Marcy R. Baron, appellant, v. Ronald Suissa, respondent.

2014–11203

    Decided: December 12, 2018

RUTH C. BALKIN, J.P. SANDRA L. SGROI JOSEPH J. MALTESE LINDA CHRISTOPHER, JJ. Marcy R. Baron, White Plains, NY, appellant pro se.

Submitted—May 8, 2018

DECISION & ORDER

In an action, inter alia, to impose a constructive trust, the plaintiff appeals from an order of the Supreme Court, Suffolk County (Peter H. Mayer, J.), dated September 4, 2014.  The order granted the defendant's motion, denominated as one pursuant to CPLR 2221(a) for leave to renew his pending and undecided motion pursuant to CPLR 3211 to dismiss the complaint and, upon renewal, granted the motion pursuant to CPLR 3211 to dismiss the complaint.

ORDERED that the order is modified, on the law, (1) by deleting the provision thereof, upon renewal, granting those branches of the defendant's motion which were pursuant to CPLR 3211 to dismiss the first, second, third, fifth, sixth, eighth, ninth, tenth, eleventh, twelfth, thirteenth, seventeenth, eighteenth, nineteenth, twentieth, twenty-third, and twenty-fourth causes of action, and substituting therefor a provision denying those branches of the motion, and (2) by deleting the provision thereof, upon renewal, granting those branches of the defendant's motion which were pursuant to CPLR 3211 to dismiss the fourth and seventh causes of action, except with respect to those portions of the fourth and seventh causes of action that relate to property purportedly owned by the plaintiff's son, and substituting therefor a provision denying those branches of the motion;  as so modified, the order is affirmed, with costs to the plaintiff.

The plaintiff and the defendant met in 1992, while each of them was married to another person.  After the defendant obtained a divorce from his wife in or about 1995, the parties began living together and, thereafter, moved into a house located in Northport.  The parties do not dispute that the defendant is the only person named on the deed and mortgage as the owner of the house.  The plaintiff alleged, however, that the parties agreed that the house was to be retitled into joint ownership upon the completion of her divorce.  The plaintiff also alleges that she and the defendant entered into an oral agreement to form an antiques business as partners and to share equally in the profits and inventory of the partnership.  She further alleged that the defendant promised, in exchange for her domestic services and legal services to the defendant's other businesses during the course of the relationship, to maintain and support her and share equally in the income and assets acquired during the relationship.  When the parties' relationship ended in 2008, the defendant sought to evict the plaintiff and her son from the house.  The plaintiff alleged that the defendant removed from the house fixtures, antiques, and other personal property in which the plaintiff alleges she had an ownership interest.

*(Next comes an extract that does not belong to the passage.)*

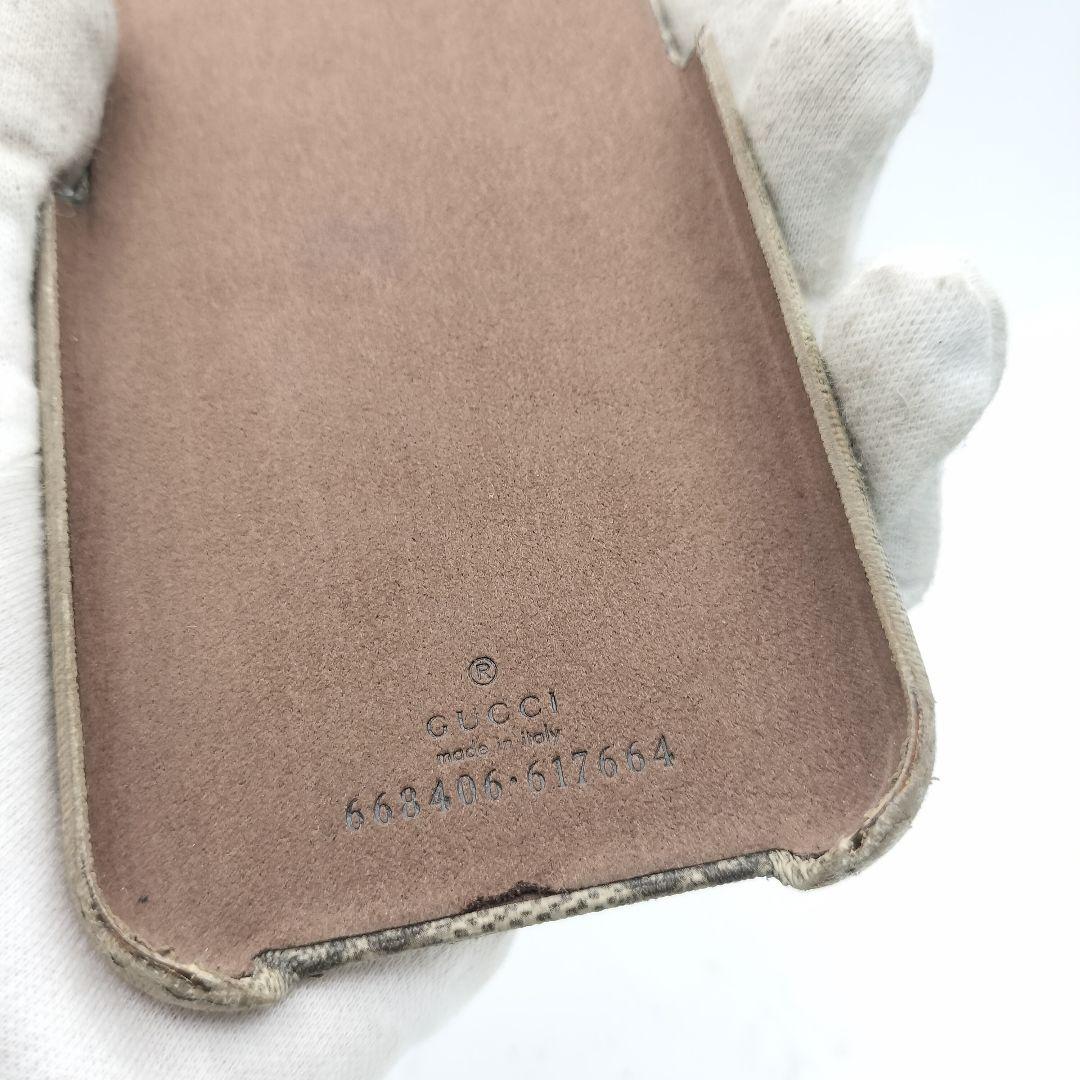 グッチ　iPhone12ケース　ハードケース　GG　PVC　ブラウン　箱付き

In May 2009, the plaintiff commenced this action, seeking relief in the nature of, inter alia, a constructive trust, an accounting of partnership assets, specific performance, recovery for unjust enrichment, conversion, and replevin, and to recover damages for fraud and slander.  The defendant moved, pre-answer, to dismiss the complaint pursuant to CPLR 3211(a)(1), (3), (5), and (7), but the motion was misfiled by the Supreme Court and remained pending and undecided for several years.  In 2012, the defendant made a motion, denominated as one pursuant to CPLR 2221(a) for leave to renew his pending and undecided motion to dismiss the complaint.  In the order appealed from, the Supreme Court, among other things, granted leave to renew and, upon renewal, granted those branches of the motion which were pursuant to CPLR 3211(a)(5) and (7) to dismiss the complaint.  The plaintiff appeals, and we modify.

CPLR 3211 provides, inter alia, that a party may move for judgment dismissing one or more causes of action on the ground that “the cause of action may not be maintained because of ․ [the] statute of frauds” (CPLR 3211[a][5] ).  “On a CPLR 3211 motion made against a complaint, including a motion pursuant to CPLR 3211(a)(5) to dismiss a complaint based on the statute of frauds, a court must take the allegations as true and resolve all inferences which reasonably flow therefrom in favor of the pleader” (AAA Viza, Inc. v. Business Payment Sys., LLC, 38 AD3d 802, 803, quoting Cron v. Hargro Fabrics, 91 N.Y.2d 362, 366 [internal quotation marks omitted] ).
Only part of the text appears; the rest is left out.